Instructions to follow:
An exact copy of the lines of the listing below between the "Rendkívül tartalmas 95db-os" line and the "CornerStone® - Duck" line, both included, is the whole answer; please omit the pictures.
*** Opening Supplied data ***
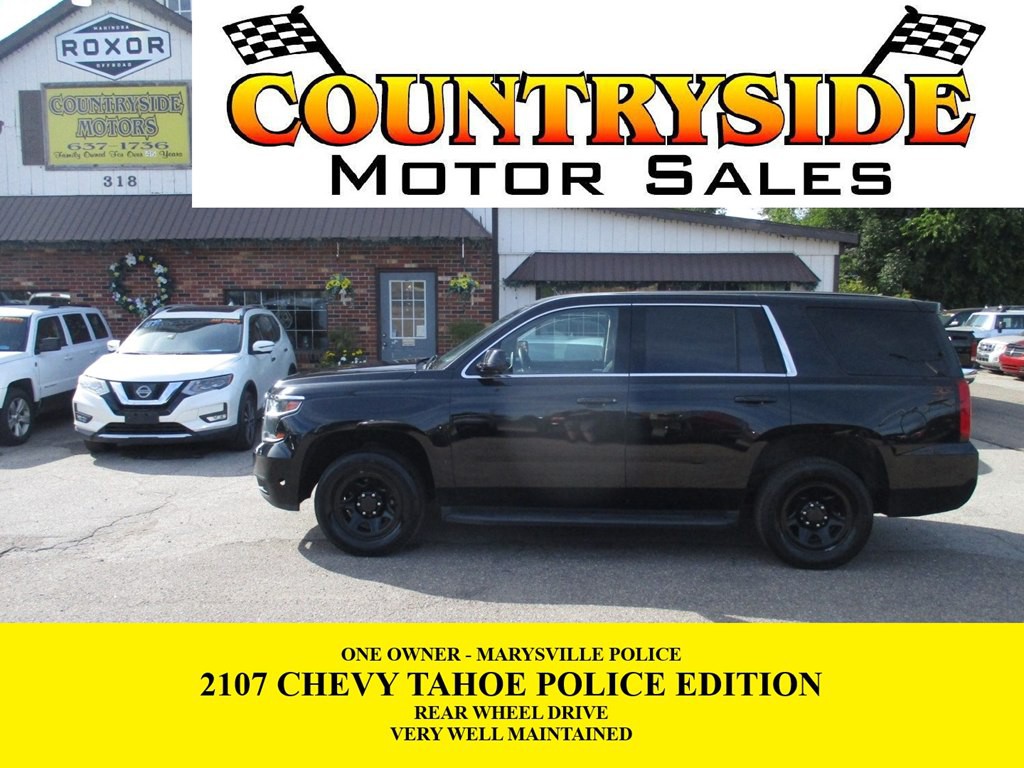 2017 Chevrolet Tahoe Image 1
*** Closing Supplied data ***
*** Opening Supplied data ***
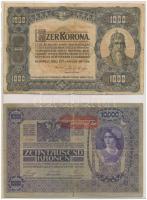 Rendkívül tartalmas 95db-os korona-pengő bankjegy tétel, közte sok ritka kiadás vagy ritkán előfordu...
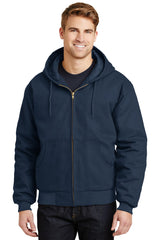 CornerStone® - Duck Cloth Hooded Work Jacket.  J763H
*** Closing Supplied data ***
Task output:
 Rendkívül tartalmas 95db-os korona-pengő bankjegy tétel, közte sok ritka kiadás vagy ritkán előfordu...
 CornerStone® - Duck Cloth Hooded Work Jacket.  J763H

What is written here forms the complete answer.